Now extrapolate like crazy for the more traditional media outlets.

But that's not what provoked me to write. It was the half paragraph immediately preceding that little excerpt:

Every morning's edition of the Times defines what the terms of discourse will be on that day for the political, intellectual and media elites of the United States. Like almost everyone else I know, I read the Times first thing in the morning, and I did so long before I moved to New York.

Gave me the shivers. Litearlly, I shivered. And praised God that much as I admire Andrew's writing, I'm not someone he knows. And that I haven't moved to NY yet. And that when I do, I'll continue not reading the NYT first thing every morning. Nor later in the day, outside the Sunday Arts, section, the magazine, and an occasional glance at the regular paper.

Aside from the incredibly bad writing--bland, dull, uninspired, lack of storytelling skills--why in the hell would I want to be stamped into the same damn thought-mold as everyone in the--what was it? "political, intellectual and media elites"?

God. How about an intellectual discussion with ideas bouncing in from all over the map?

I reached out of bed and began my morning with a couple pages from Black Hawk Down today. Last week I was finishing off The Perfect Storm. Yes, I'm on a narrative nonfiction run. I'm writing a nonfiction book that will read like a novel, so I'm gobbling up a bunch of those. Figured I'd include a couple that had made a mark on the national psyche the past couple years. Before that, it was Devil in the White City and The Professor and the Madman. Not so many newspapers or magazines in between.

I still follow pop culture stories religiously--as well as consuming plenty of pop culture directly--gulp down a steady stream of Slate and Salon stories, and click on the more interesting AP stories from Salon's newswire. So I have a pretty good idea of the big events unfolding in the world, but I'm mostly hanging out in a whole different universe of ideas than the daily myopia of the daily news grind.

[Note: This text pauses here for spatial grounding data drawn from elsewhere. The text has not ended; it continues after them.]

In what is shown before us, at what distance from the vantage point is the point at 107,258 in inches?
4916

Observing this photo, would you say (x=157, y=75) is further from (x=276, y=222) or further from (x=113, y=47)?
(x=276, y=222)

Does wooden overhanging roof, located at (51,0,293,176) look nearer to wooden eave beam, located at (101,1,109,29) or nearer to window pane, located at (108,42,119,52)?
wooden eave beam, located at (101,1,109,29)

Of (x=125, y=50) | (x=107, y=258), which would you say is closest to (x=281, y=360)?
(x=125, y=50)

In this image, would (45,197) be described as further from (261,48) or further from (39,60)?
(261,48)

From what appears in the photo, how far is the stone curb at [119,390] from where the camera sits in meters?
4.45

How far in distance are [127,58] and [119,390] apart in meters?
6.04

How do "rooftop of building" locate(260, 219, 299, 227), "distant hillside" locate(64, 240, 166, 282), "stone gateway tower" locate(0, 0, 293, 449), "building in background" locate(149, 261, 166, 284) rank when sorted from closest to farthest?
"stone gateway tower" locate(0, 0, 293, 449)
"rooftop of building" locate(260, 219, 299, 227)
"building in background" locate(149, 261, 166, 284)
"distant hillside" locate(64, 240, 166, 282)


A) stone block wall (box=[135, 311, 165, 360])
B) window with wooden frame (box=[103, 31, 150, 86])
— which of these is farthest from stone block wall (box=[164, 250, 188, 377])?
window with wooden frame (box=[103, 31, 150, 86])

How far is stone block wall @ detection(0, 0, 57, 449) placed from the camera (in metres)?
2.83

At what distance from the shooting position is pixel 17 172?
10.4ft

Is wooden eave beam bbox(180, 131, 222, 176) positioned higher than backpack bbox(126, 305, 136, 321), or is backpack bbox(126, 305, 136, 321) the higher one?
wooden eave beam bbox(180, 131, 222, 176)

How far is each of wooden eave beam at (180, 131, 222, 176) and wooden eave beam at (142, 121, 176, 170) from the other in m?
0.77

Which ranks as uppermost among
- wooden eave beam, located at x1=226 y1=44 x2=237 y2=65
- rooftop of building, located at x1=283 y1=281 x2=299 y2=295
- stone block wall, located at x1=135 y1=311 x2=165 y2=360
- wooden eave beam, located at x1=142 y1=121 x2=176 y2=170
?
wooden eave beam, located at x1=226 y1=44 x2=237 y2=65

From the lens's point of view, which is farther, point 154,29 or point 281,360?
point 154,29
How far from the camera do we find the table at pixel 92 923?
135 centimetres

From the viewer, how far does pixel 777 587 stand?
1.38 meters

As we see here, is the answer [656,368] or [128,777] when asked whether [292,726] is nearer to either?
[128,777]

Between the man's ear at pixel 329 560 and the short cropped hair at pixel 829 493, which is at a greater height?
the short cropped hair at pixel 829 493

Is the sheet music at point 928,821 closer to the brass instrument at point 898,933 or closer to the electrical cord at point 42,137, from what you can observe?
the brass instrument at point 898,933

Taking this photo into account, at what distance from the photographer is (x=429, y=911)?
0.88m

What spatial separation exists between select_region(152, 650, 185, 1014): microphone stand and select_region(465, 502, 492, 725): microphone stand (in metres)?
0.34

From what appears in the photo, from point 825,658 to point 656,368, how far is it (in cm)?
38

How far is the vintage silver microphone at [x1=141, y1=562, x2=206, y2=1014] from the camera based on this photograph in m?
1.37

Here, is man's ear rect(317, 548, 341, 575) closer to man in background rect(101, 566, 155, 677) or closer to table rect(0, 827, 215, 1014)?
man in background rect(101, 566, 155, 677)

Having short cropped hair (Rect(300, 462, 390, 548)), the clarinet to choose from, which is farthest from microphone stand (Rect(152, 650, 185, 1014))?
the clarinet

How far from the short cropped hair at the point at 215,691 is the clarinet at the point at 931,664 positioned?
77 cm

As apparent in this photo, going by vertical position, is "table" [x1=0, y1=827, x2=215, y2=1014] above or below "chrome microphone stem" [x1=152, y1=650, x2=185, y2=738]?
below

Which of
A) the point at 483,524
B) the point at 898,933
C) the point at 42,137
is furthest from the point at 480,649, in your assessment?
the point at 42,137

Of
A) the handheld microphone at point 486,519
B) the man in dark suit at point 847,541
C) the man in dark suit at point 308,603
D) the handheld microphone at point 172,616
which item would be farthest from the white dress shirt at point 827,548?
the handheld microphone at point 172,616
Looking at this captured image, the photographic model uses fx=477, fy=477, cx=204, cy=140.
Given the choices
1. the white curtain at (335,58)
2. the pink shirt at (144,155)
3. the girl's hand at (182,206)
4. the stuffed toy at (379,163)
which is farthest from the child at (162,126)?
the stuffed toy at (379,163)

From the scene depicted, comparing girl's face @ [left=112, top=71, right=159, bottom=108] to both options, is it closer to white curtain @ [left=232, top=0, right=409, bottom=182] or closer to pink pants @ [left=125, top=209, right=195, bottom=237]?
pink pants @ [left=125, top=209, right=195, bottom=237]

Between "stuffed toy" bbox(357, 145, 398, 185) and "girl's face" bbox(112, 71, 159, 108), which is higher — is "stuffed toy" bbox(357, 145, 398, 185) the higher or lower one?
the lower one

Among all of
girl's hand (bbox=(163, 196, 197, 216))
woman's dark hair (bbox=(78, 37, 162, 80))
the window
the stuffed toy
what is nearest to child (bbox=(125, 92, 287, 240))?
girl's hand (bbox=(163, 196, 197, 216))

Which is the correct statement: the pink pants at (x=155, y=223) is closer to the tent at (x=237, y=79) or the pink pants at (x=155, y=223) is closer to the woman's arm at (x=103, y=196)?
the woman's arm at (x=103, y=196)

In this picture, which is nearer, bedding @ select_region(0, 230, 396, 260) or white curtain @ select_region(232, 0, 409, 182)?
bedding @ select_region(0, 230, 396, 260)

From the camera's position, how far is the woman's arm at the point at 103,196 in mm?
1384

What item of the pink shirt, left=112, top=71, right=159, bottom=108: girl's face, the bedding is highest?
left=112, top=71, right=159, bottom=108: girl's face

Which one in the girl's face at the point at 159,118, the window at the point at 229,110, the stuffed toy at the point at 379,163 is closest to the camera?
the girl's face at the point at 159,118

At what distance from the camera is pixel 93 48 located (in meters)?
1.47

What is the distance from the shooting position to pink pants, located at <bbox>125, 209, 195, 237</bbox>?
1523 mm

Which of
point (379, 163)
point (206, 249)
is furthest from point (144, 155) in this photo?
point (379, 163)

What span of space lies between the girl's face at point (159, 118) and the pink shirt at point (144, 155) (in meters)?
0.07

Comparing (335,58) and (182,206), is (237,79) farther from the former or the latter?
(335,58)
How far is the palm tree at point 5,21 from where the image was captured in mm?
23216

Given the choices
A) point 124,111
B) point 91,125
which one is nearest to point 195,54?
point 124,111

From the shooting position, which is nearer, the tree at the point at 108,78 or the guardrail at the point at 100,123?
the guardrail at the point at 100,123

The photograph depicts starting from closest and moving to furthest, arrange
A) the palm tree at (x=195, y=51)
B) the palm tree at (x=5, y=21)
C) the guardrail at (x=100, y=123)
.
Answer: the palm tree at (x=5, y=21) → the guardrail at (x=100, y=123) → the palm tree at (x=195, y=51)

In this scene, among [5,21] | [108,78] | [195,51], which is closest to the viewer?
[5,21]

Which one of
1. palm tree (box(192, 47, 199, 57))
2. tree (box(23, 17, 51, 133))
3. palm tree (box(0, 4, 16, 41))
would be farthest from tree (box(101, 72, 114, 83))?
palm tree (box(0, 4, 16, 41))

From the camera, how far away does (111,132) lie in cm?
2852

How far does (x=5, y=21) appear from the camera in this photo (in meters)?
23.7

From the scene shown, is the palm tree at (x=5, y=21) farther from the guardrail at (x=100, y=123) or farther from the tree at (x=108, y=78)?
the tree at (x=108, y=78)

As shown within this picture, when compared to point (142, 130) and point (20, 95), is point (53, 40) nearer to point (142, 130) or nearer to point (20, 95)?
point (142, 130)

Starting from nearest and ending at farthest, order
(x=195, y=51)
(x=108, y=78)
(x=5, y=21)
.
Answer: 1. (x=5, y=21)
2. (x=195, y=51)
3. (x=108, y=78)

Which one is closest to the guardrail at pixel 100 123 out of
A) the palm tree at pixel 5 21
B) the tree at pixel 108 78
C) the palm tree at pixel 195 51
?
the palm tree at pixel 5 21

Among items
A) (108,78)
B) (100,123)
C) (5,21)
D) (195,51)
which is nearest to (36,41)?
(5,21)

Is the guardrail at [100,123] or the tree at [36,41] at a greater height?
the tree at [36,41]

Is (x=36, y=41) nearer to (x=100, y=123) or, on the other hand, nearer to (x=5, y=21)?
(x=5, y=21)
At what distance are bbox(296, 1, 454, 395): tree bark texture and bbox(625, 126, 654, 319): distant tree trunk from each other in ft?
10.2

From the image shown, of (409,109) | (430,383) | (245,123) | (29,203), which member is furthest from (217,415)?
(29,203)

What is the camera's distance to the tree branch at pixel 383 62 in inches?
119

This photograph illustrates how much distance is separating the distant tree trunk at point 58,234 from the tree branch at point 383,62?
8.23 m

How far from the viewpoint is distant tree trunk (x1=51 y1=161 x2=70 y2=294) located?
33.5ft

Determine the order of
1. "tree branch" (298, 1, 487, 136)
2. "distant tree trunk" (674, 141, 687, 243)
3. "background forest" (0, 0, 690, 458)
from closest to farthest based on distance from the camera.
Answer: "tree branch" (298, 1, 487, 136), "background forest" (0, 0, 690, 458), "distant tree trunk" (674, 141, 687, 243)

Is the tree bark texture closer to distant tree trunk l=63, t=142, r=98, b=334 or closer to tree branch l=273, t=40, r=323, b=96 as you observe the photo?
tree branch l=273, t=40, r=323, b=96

I'm certainly not suggesting everyone bury themselves in book-length narrative nonfiction for the next six months. But I am suggesting that at least three-quarters of the media and/or intellectual elite ought to be burying themselves in different things every morning. And I'm sure most of them are reading additional things, but how about a good chunk of them actually avoiding indoctrinating themselves with the same freaking thing?

No wonder I shake my head and wonder what world some of these pundits are living in when they spout so much of their nonsense on those blasted "news" shows I still stumble into from time to time.

They're constantly chastising one another for being lost inside the beltway--here's an idea: Try leaving it once in awhile! Intellectually, as well as geographically.

If you're all reading the same damn thing every morning--and then following up with a bunch of news sources falling somewhat into step with that same agenda--good God, what do you think you're all likely to produce? Why do you think we're all so sick of reading it?